How does a compiler store information about an array's size?-CodePudding

Recently I read on IsoCpp about how compiler known size of array created with new. The FAQ describes two ways of implementation, but so basically and without any internal information. I tried to find an implementation of these mechanisms in STL sources from Microsoft and GCC, but as I see, both of them just call the malloc internally. I tried to go deeper and found an implementation of the malloc function in GCC, but I couldn't figure out where the magic happens. Is it possible to find how this works, or it implemented in system runtime libraries?
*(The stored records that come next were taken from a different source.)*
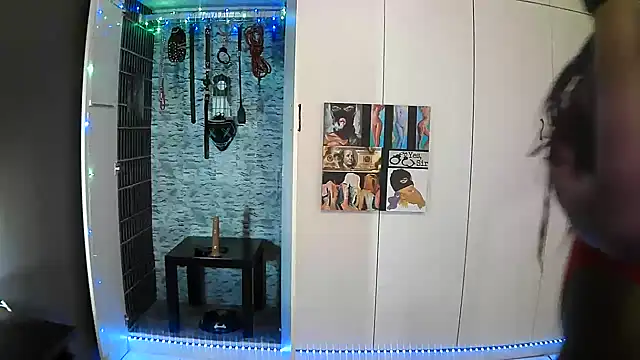 Snapshot of BaDSubMiss chatting on November 1, 4:25 am BaDSubMiss online show from November 1, 4:25 am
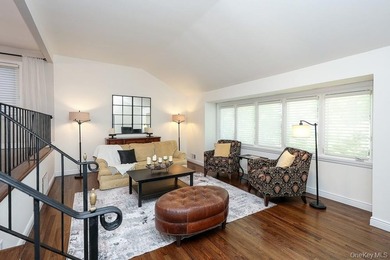 This is the home you've been waiting for. Multilevel home in the - photo 6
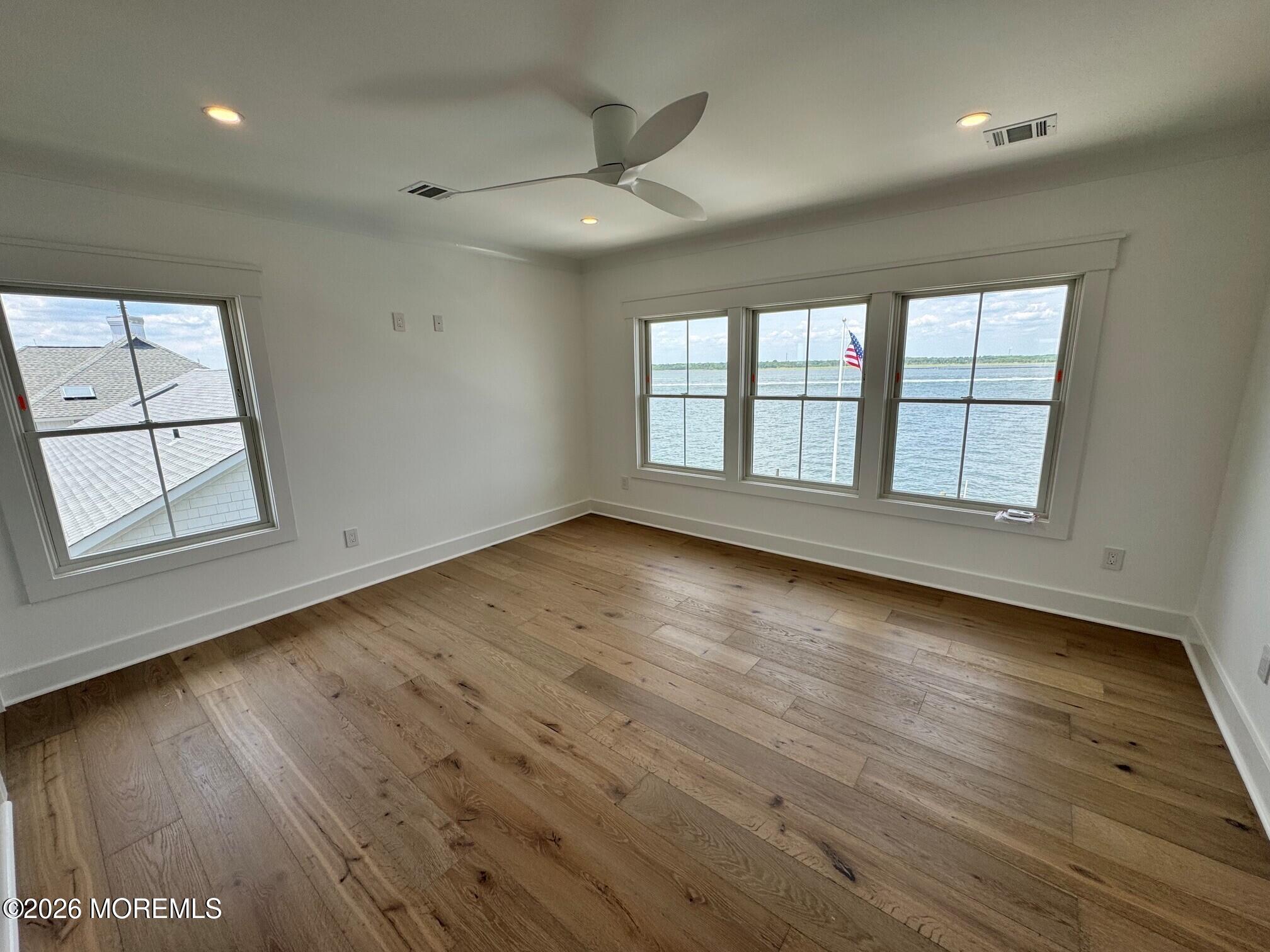 275 Curtis Point Drive Mantoloking, NJ 08738 - Photo 23 of 36 17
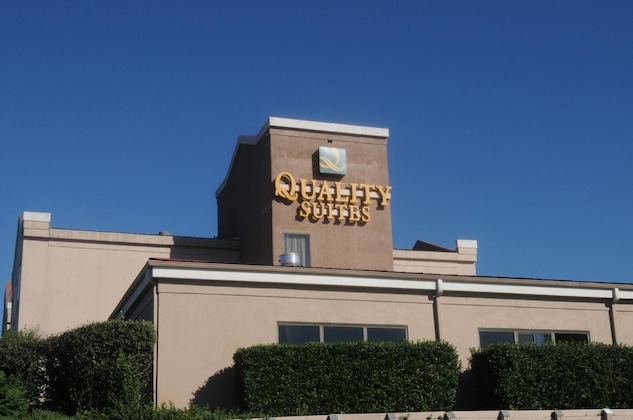 Gallery - Quality Suites Morristown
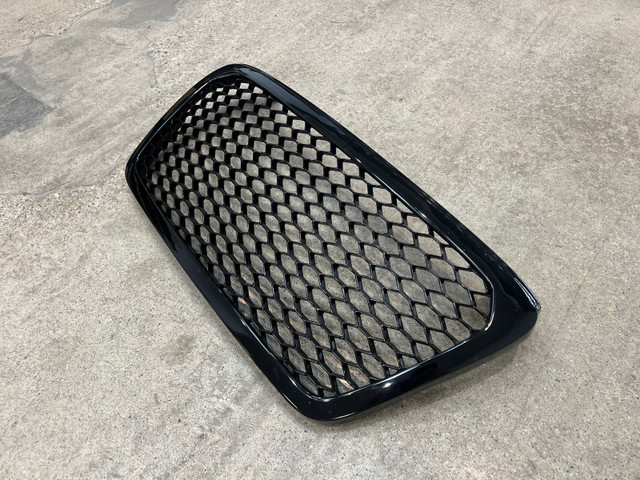 Audi R8 Honey Comb Grille in Auto Body Parts in London - Image 2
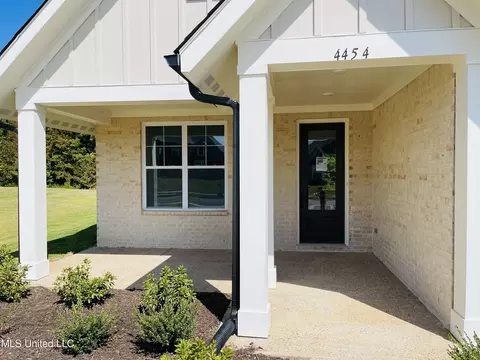 4454 Mitchell Pl, Olive Branch, MS 38654 photo 2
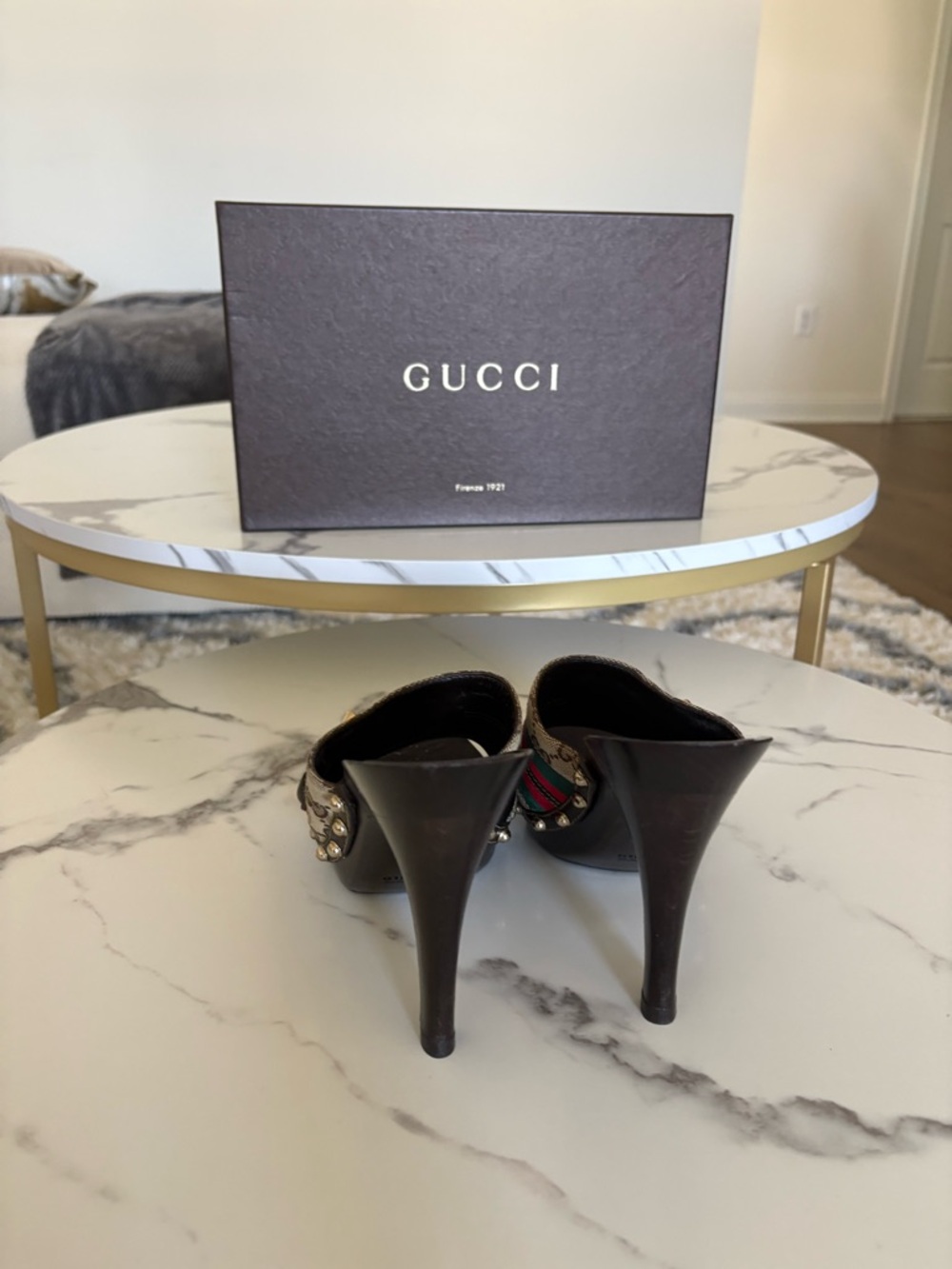 Gucci Brown GG Canvas Wood Platform Slides with Red and Green Web - Picture 16 of 16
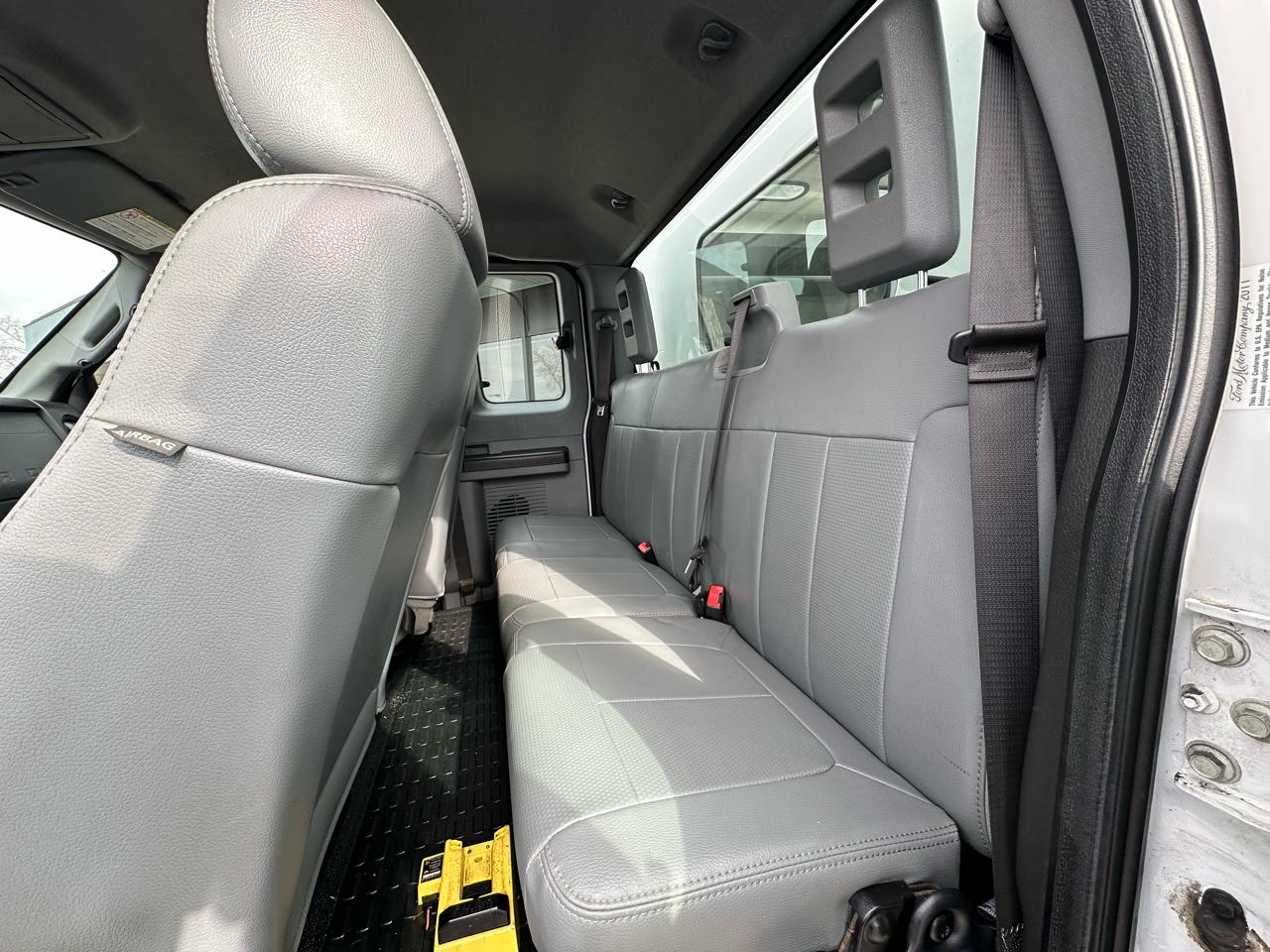 Ford F-350 SD XL SuperCab 2WD DRW 2011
CodePudding user response：

Here is where the compiler stores the size in the source code for GCC: https://github.com/gcc-mirror/gcc/blob/16e2427f50c208dfe07d07f18009969502c25dc8/gcc/cp/init.c#L3319-L3325

And the equivalent place in the source code for Clang: https://github.com/llvm/llvm-project/blob/c11051a4001c7f89e8655f1776a75110a562a45e/clang/lib/CodeGen/ItaniumCXXABI.cpp#L2183-L2185

What the compilers do is store a "cookie" which is the number of elements allocated (the N in new T[N]) immediately before the pointer that new T[N] returns. This in turn means that a few extra bytes have to be allocated in the call to operator new[]. The compiler generates code to do this at runtime.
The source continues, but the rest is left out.